Les mânes de cette cité hongroise où, après y avoir déplacé sa cour et édifié son palais, Charles Robert de Hongrie y conclut en 1335, un accord d’alliance avec les rois de Pologne (Casimir Le Grand) et de Bohême (Jean de Luxembourg), eussent pu, probablement, inciter à d’autres projets d’essence moins mondialiste, sauf à perdre de vue qu’à l’époque (même si ce n’est plus le cas aujourd’hui), pour la majorité des peuples de l’Est, l’espoir soufflait à l’Ouest, ce, en dépit des imprécations lucides de Soljenitsyne lancées à la face de l’Occident devant l’université d’Harvard, le 8 juin 1978.

En outre, le « Triangle » devenu « Quadrilatère » de Visegrad, consécutivement à la partition de la Tchéquie et de la Slovaquie en 1993, n’a jamais su, en définitive, adopter de positions communes, frictions et pierres d’achoppements caractérisant un mode de relation diplomatique plus velléitaire que véritablement coopératif. Comme l’observait très justement Jana Vargovčíková, de l’université Charles de Prague, le Groupe « est plutôt un lieu de coordination entre des intérêts communs préexistants, mobilisé pour les soutenir et amplifier la voix de leurs porteurs dans l’UE et qui n’exclut pas d’éventuelles coalitions extravisegradiennes » (Politique étrangère, 2012).

À cet égard, le rejet actuel de la politique européenne des quotas obligatoires d’immigrants ne fait que renforcer le Groupe, au demeurant, informel, dans une posture de légitime raidissement/résistance vis-à-vis des inconséquences conjuguées de Bruxelles et de Berlin.

« Nous tombons d’accord sur le fait que le débat sur les quotas a un seul objectif : détourner l’attention publique du vrai problème, le fait que l’Europe se montre incapable de réguler l’immigration », déclarait récemment le chef du gouvernement tchèque Bohuslav Sobotka.

Néanmoins, au-delà de cette solidarité verbale de façade, des divergences demeurent.
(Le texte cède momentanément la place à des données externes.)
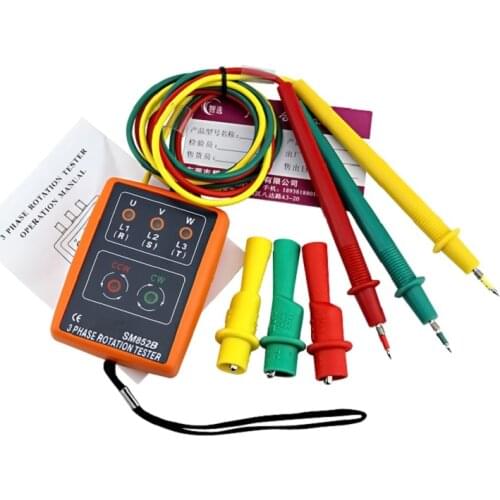 SM852B Three-Phase Phase Tester L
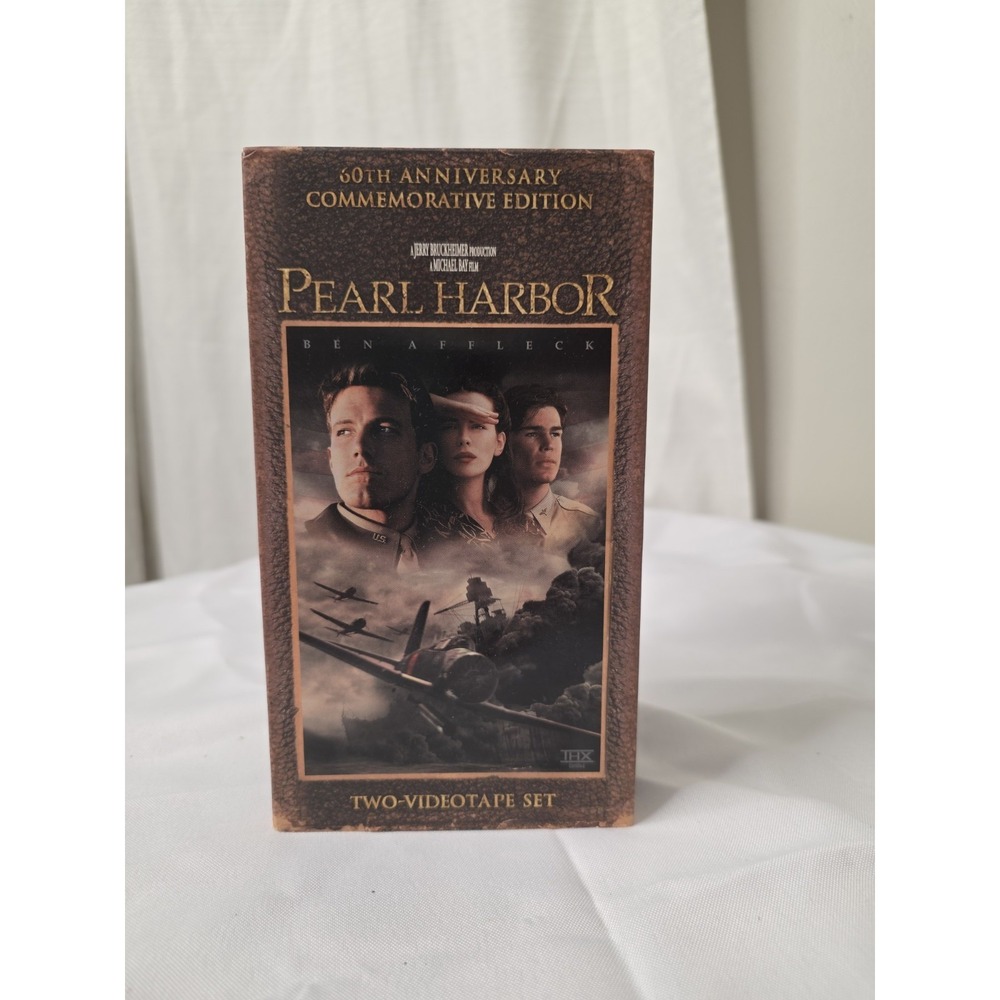 Pearl Harbor‎ (VHS, 2001, 2-Tape Set, 60th Anniversary Commemorative Edition
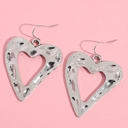  Hollowed Heart Shape Earrings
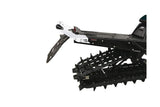 Parachoques trasero Straightline Hide 'N' Go de 155" de ancho - Parachoques trasero blanco y negro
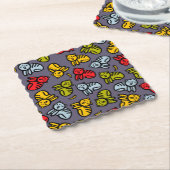 Katzen und Bananen Untersetzer (angewinkelt)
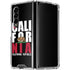 California Black Block Galaxy Z Fold4 5G Clear Case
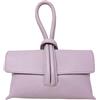 Chicca Borse Borsetta Pochette da Donna in Pelle Dollaro (Glicine)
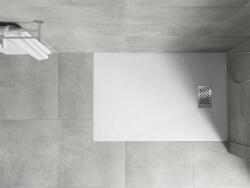 Mexen Hugo SMC zuhanytálca 100 x 70 cm, fehér , takaró inox - 42107010-X Kompozit zuhanytálca Kompozit zuhanytálca (5905315224064)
Leur mise sous le boisseau semble due, pour l’essentiel, à un équilibre opportuniste, forcément temporaire, entre des gouvernements à coloration nationale-populiste (Hongrie et Pologne) et des régimes à tendance plus social-démocrate (Slovaquie et République Tchèque).

Aussi l’espoir, nourri chez certains souverainistes en Europe, de voir, un jour, apparaître ce Groupe comme un moyen de rebattre les cartes de l’actuel Babel européo-bruxellois, reste-t-il un doux rêve, une fuligineuse utopie pseudo-complotiste. En 2011, Jiří Čistecký, un des coordinateurs du V4, confessait que son « grand avantage, qui est en même temps sa plus grande faiblesse (…) est précisément qu’il n’a aucune finalité. Il évolue et réagit ». Tout semble dit.